Tuesday, November 1, 2016

Who was Joe Brown?


Joe Brown was one of the foremost American sculptors in bronze of the twentieth century.


He was born to impoverished Russian-Jewish parents in 1909.


He grew up in South Philadelphia, principally in a slum known as Devil's Pocket.


He had an older brother named Harry, whom he idolized.

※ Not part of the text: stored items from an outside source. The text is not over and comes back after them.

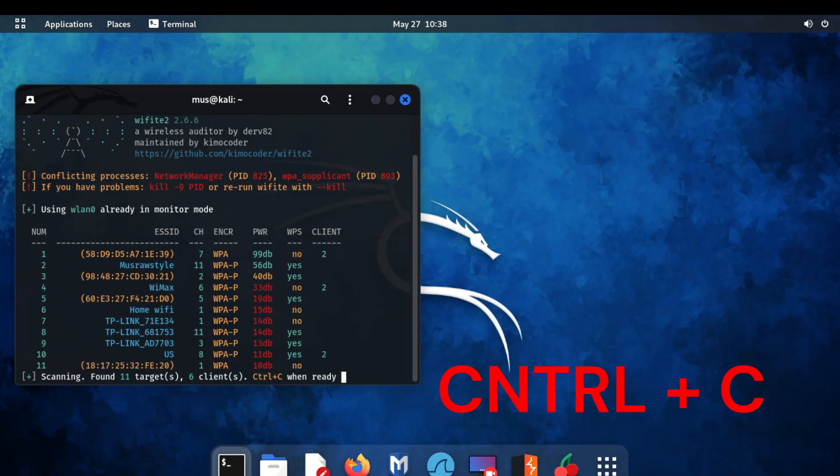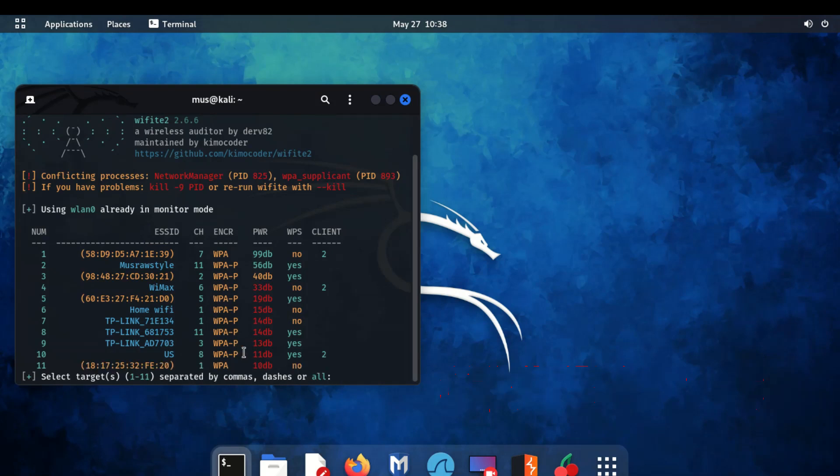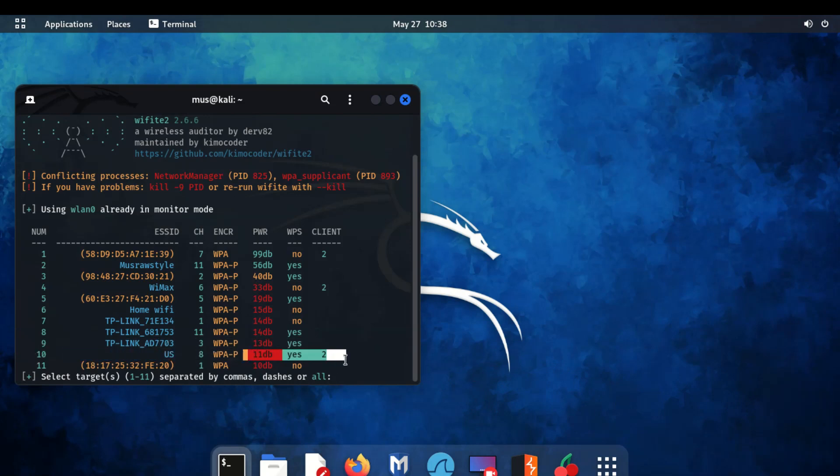Press Control-C when scan finish. Select network you want to test.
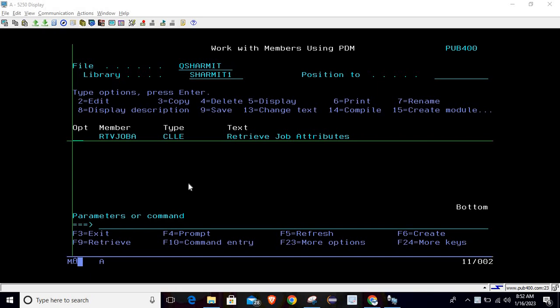Hello, welcome to TechShareMyth. In this session we will learn about the Retrieve Job Attribute command. We will use that command for retrieving three more pieces of information. In our previous session we fetched three things, and now we will see the other three things we can retrieve from this command.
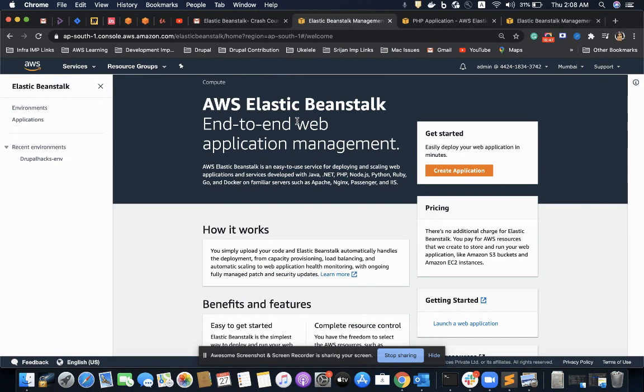So this is all about Elastic Beanstalk — a crash course covering the key points. I hope it helps you in some way. Thank you.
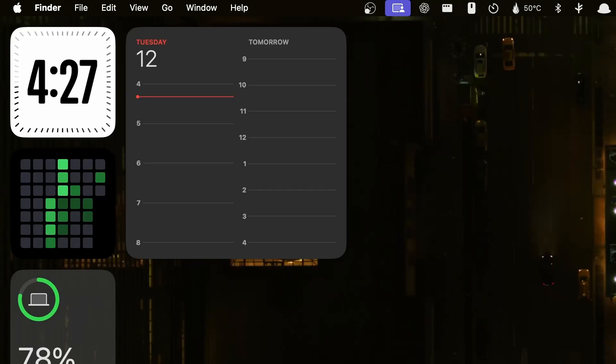Hello everyone, welcome back to Revoke. Today we are diving into something super exciting. We are going to install Kali Linux on your Mac using UTM. Whether you are into cyber security or ethical hacking, I think this tutorial will be very much useful for you guys.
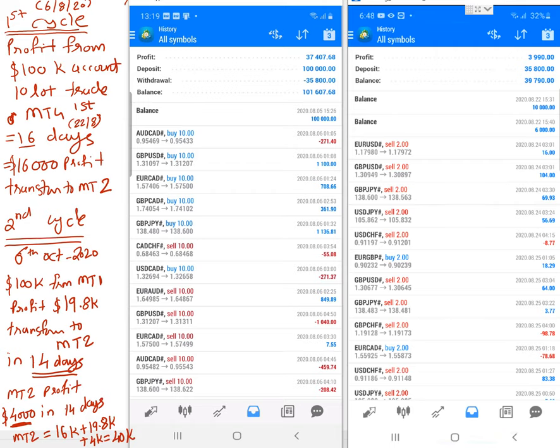Hello traders, welcome once again to Forex Trade One. In this video we will show our profit reinvestment strategy, which we have practically applied. Initially it was a concept — MT4 One's profit would transfer to MT4 Two — and now this concept is practically applied in these accounts.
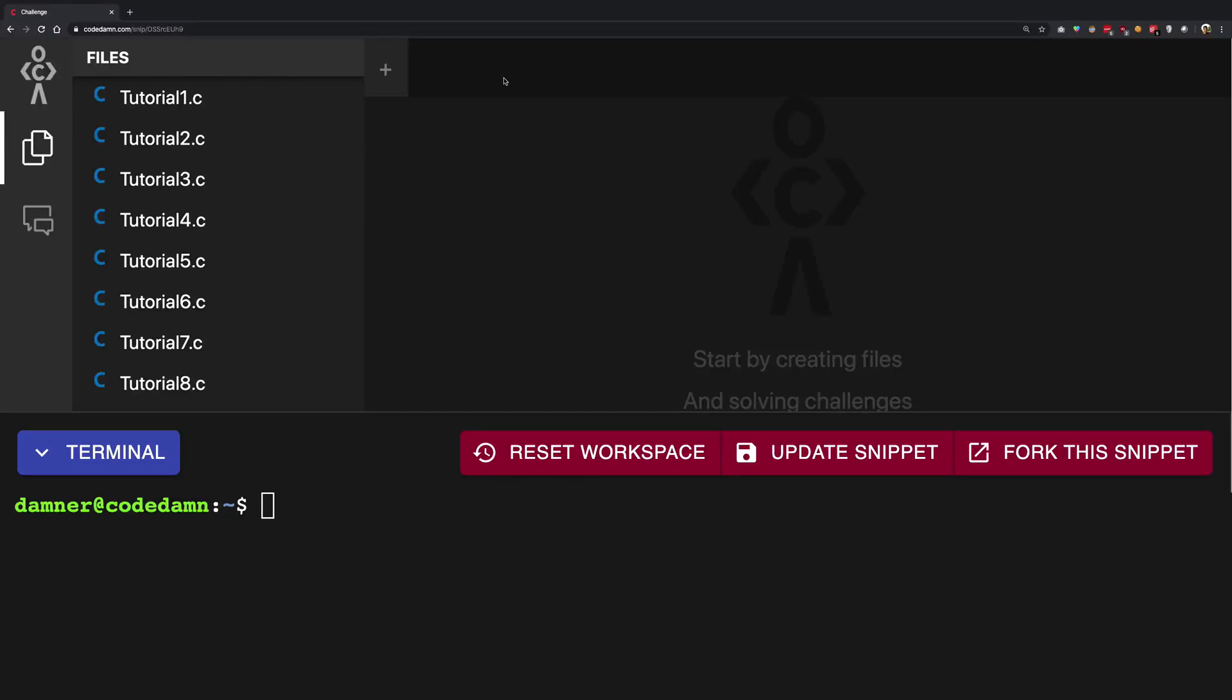So what is going on YouTube? My name is Mehul and welcome to another video in which we're going to create our own preprocessor hash include file.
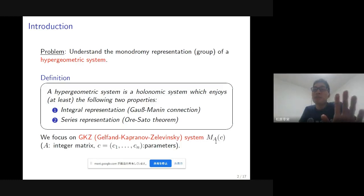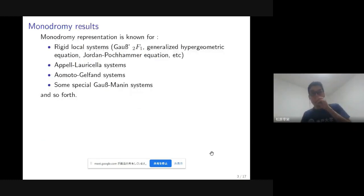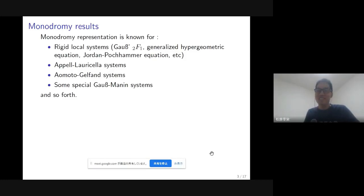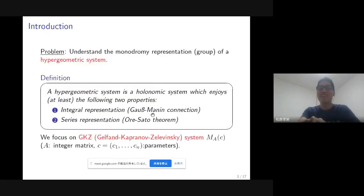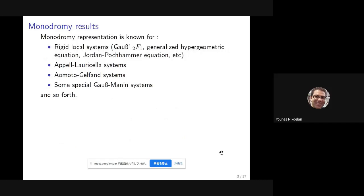Let me give some comments on the current state of research on monodromy representation of hypergeometric systems. To clarify: GKZ is a particular case of hypergeometric system — it is broadly defined, but today I only consider GKZ systems.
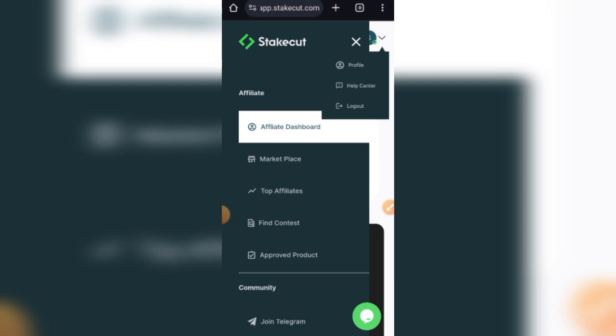So if you have any questions regarding Stakecut, feel free to leave it down in the comment section below. In subsequent times we shall be releasing more videos on this topic. See you guys in the next video. Peace.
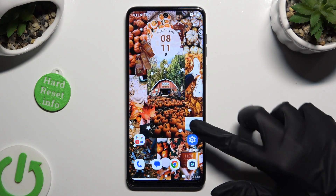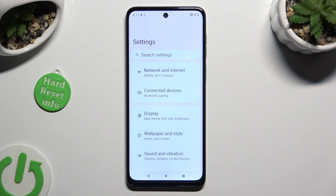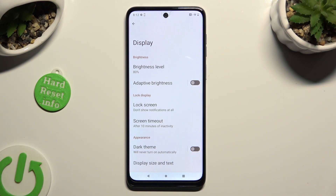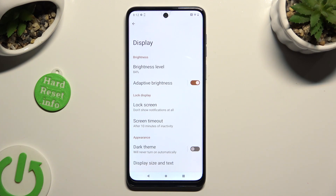Begin by going into device settings and tapping on display section right away. Following that, click on the grey switcher next to adaptive brightness to activate it. So when I do that, as you can see, auto brightness is on, but you can always turn it off by tapping on the same switcher again.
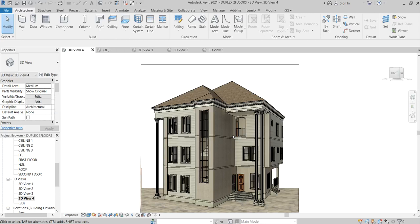Hello friends, welcome back to my YouTube channel. It's been a while. In today's video I will be explaining how to create a ridge cap. The ridge cap is usually at the apex part of the roof — the joint of two roofing sheets — and that is where the ridge cap sits. I'll be showing you how to create that in your Revit Architecture.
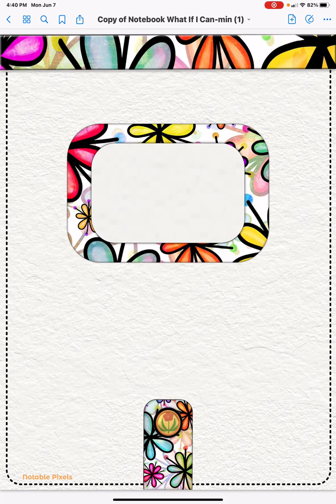Hi there, Kathy with Notable Pixels. I would like to show you how you can copy and paste the extra pages anywhere into your notebook that you have just purchased. You have a notebook with all these pages at the end that you want to add to your notebook and you don't know how to do it. I'm going to show you how — it's very easy.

Harry "Kid" Brown fought successfully as a professional prize-fighter, and generously supported his brother in all his pursuits, athletic and artistic.


Joe, himself, fought professionally to supplement his income as a student at Temple University, which he attended on a football scholarship.


Joe also modeled for artists, and was inspired to take up sculpting as a result.


Though largely self-taught, Joe would become both a boxing coach and full-professor of sculpting and visual art at Princeton University, where he taught for 38 years.


His work is found in the permanent collections of the University of Pennsylvania, Yale University, Harvard University, Princeton University, Columbia University, the National Academy of Design, the Pennsylvania Academy of the Fine Arts, the New Jersey State Art Museum, the Kennedy Memorial Library, the Woodmere Art Museum, and last, but not least, at our own QCC.


The work at QCC is a smaller study for a monumental piece entitled, Two Athletes(or alternately, Gymnasts), which stood outside the Temple University gymnasium for several decades.